Bedrockgames
I post in the voice of Christopher Walken
Yes that is how it works.
A - "Everything" is GM decides
B - Not really I use tables
A - Yes but you created those tables therefore GM decides.
B - These tables are extensive, 2 pages deep
The point about tables is because you are putting disparate elements on them and rolling randomly, it isn't like the GM engineering a scenario. It tends to produce unexpected results and things the GM has to fit to that moment (and some tables require to roll on multiple tiers and combine things). Just because the GM made the initial entries, I would still say that is miles away from the GM creating a planned encounter
The problem with ' everything is GM decides' is it glosses over all the other things going on and reduces all trad play to the power of the GM. The GM's ability to provide setting response to players actions is important, but so are the player's actions. So are tables (and people can characterize these as GM decides because the GM built the tables, but that overlooks that a table is effectively a system that provides randomness in play, not something built on the GM deciding what he or she wants to happen in that moment (otherwise the GM would just choose the encounter rather than roll on the table).

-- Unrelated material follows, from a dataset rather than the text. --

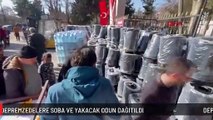 DEPREMZEDELERE SOBA VE YAKACAK ODUN DAĞITILDI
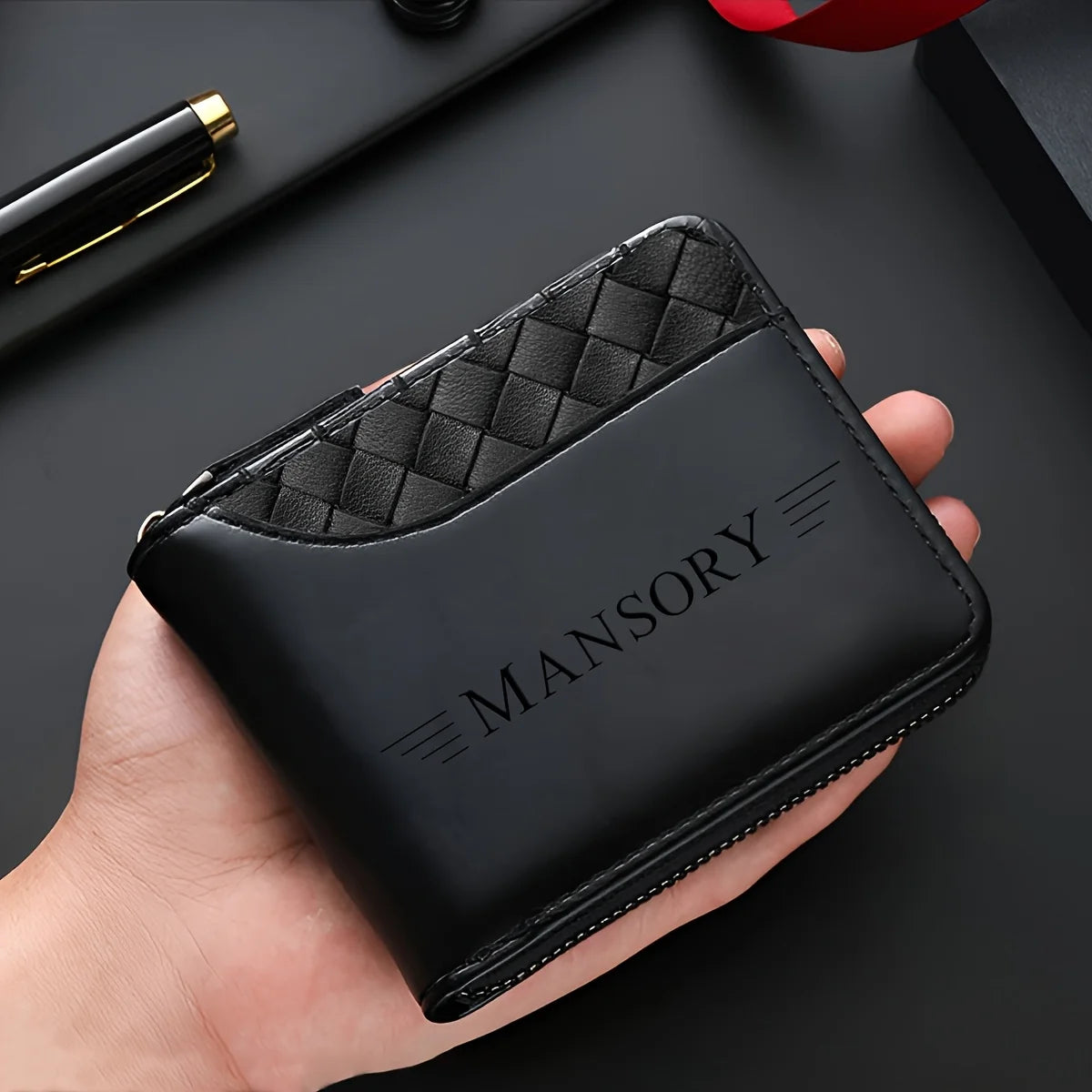 Personalized Luxury Faux Leather Wallet for Men Embossed Top, Smooth Black Faux Leather Body, Zip Closure, Multiple Card Slots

Sure this happens across styles and structures, you just have to accept you will eat more prep in a sandbox because that is the arrangement you are offering.And like everything I prep doesn't always see the light of day. PCs aren't forced to engage.
And I don't force them to engage.
However because they didn't engage with my prep I will GM decides a further move which works for my Living World.
Again ofc they are not forced to engage...
I think characterizing it as a move feels off to me. But as long as what the GM is introducing is a proper reaction to what the players are trying to do, I think you are honoring their agency and you aren't just in a game where the GM is simply deciding things.